Eugen Weidmann no era un santo, ni mucho menos. Era un alemán alto, fuerte y de buena presencia que decidió labrarse una fortuna de manera ilegal. Comenzó atracando a pequeña escala en Saarbrücken –a donde le habían enviado sus padres para protegerle de los bombardeos de Frankfurt durante la Gran Guerra– hasta que a los veinte años (en 1928) fue atrapado y luego condenado a cinco años de cárcel. En ella conoció a otros dos ladrones de poca monta –Roger Million y Jean Blanc– a quienes no les costó convencer para actuar como una banda organizada.
Tras salir del trullo, los tres se mudaron a Francia, instalándose en la casa de campo de un tío de Jean. Allí convienen que la mejor forma para hacerse de oro sería robar a cualquier precio a los incautos turistas que cada año atestaban el país galo.
La primera víctima de la banda de Weidmann fue una bailarina norteamericana llamada Jean de Koven, que se enamoró del alemán y cayó en su trampa. Antes de ser drogada, estrangulada y luego enterrada, llegó a escribir una carta a su mejor amiga que decía: “He conocido a un alemán alto, guapo e inteligente que se llama Sigfrido. ¿Me tocará otro papel wagneriano? ¿Quién sabe? Mañana voy a visitar su casa de campo, que está muy cerca de la mansión que Napoleón le regaló a Josefina”. Tenía 22 años.
A Weidmann le debió gustar la sensación de matar. No tardó mucho en contratar los servicios de un chófer –Joseph Couffy– a quien pidió que le llevara a un pueblo de la Riviera francesa. Allí le mató de un disparo con su arma favorita y se quedó con su coche. La banda también se cargó a la enfermera Janine Keller, a quien engañaron con una falsa oferta de trabajo y al productor Roger LeBlond.
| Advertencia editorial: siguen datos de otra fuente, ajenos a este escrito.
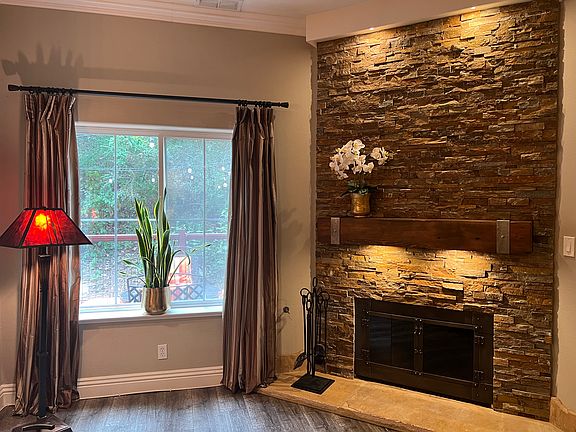 Gas / wood burning open fireplace.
Tampoco le importaba a los forajidos acabar con la vida de viejos amigos como Fritz Frommer, un ex presidiario con el que coincidieron en Saarbrücken y que, como judío que era, se había exiliado de la Alemania nazi. Le mataron para robarle sus magras pertenencias después de inventarse que estaban organizando un movimiento de exiliados para dar un golpe de estado en su país.
Su gran error se produjo al asesinar al agente inmobiliario Raymond Lesobre. Éste solía tomar muchos detalles de sus potenciales clientes –como tal se hizo pasar Weidmann para matarle y robarle sin más miramientos una vez tuvieron confianza-. Esos datos sirvieron a la policía para localizar la mansión de los criminales. Una vez en ella, Weidmann les invitó a pasar para dispararles luego, pero erró sus tiros y los agentes le redujeron sin tener que usar sus armas.
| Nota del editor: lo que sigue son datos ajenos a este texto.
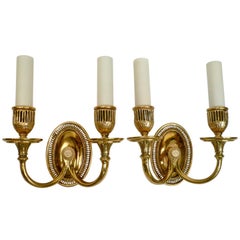 Pair of Cast Bronze Oval Back Sconces by E. F. Caldwell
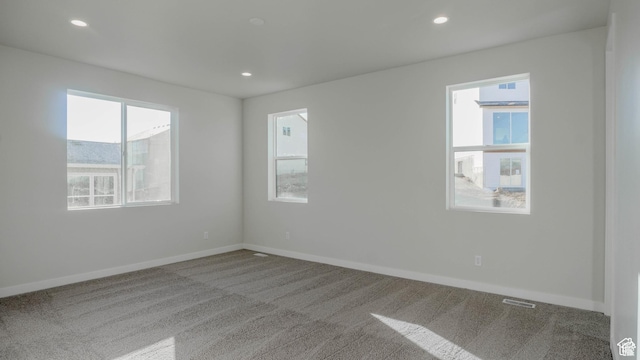877 W Sika Cir S Unit 203, Saratoga Springs, UT 84045 - carpeted spare room featuring healthy amount of natural light, baseboards, and recessed lighting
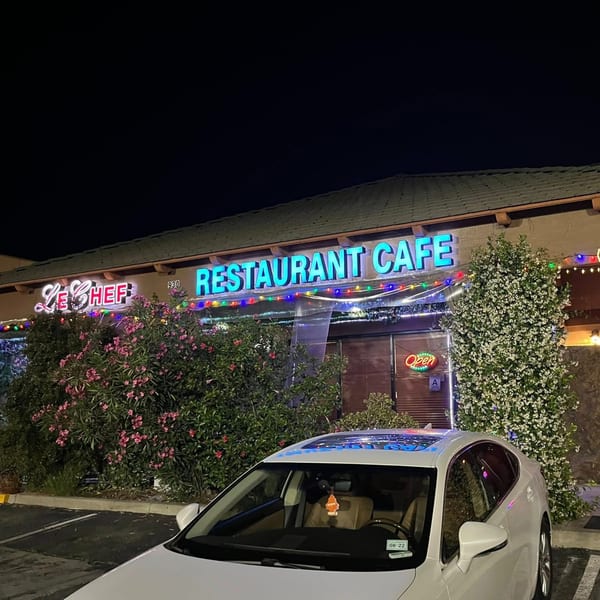 LE Chef Mediterranean Restaurant Cafe exterior at night, with neon signs and a white car in the foreground.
Durante su estancia en la cárcel de Versalles cooperó con la policía, pero dijo no arrepentirse de ninguno de sus actos, salvo el de la muerte de Jean de Koven (algo de humanidad debía quedarle a Eugen). El juicio superó en Francia en popularidad al del célebre Landrú (el de la canción “Landrú mató a una vieja”) y terminó con la sentencia a la muerte por decapitación en guillotina de Weidmann, la perpetua para Roger Million y diez meses de cárcel para Jean Blanc.
Tras fracasar las tres apelaciones planteadas por los abogados de Weidmann, el 17 de junio de 1939 Eugen Weidmann fue guillotinado públicamente en el exterior de la cárcel de Versalles.
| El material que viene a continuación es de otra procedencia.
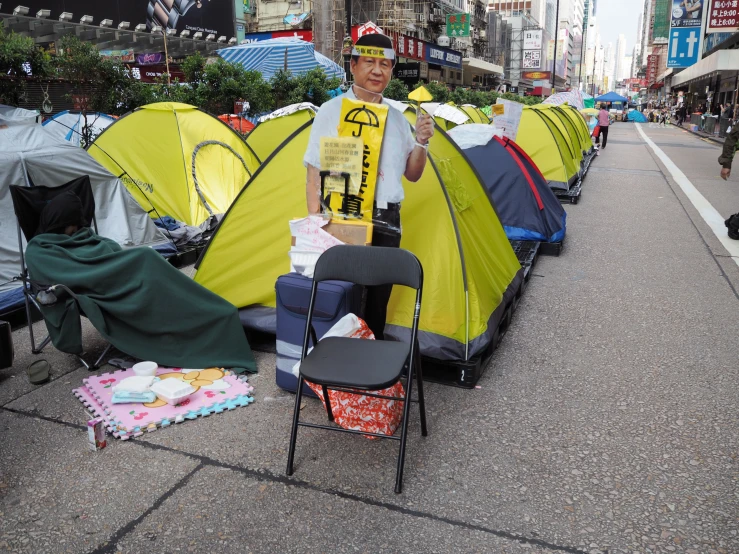 a man in a cap sits in front of some tents on the side of the street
Y dirán, ¿qué pinta Saruman en todo esto? Pues resulta que el actor sir Christopher Lee, que entonces tenía 17 años, se encontraba en París visitando a su amiga periodista Webb Miller y justo ese día de junio se encontraba entre los pocos testigos de esa horrible forma de ejecución. Tanta fue la conmoción que causó la terrible muerte por separación de la cabeza del tronco de Weidmann que el presidente de la República francesa Albert Lebrun prohibió que esta pena capital se llevase a cabo en público (en ‘privado’ se siguió ejecutando a guillotinazos en Francia hasta 1977 y se abolió en 1981)
Así fue como el hombre que dio vida (entre otras muchas grandes interpretaciones) al malvado Saruman de El Señor de los Anillos se convirtió en uno de los últimos seres vivos que vio como guillotinaban a un reo.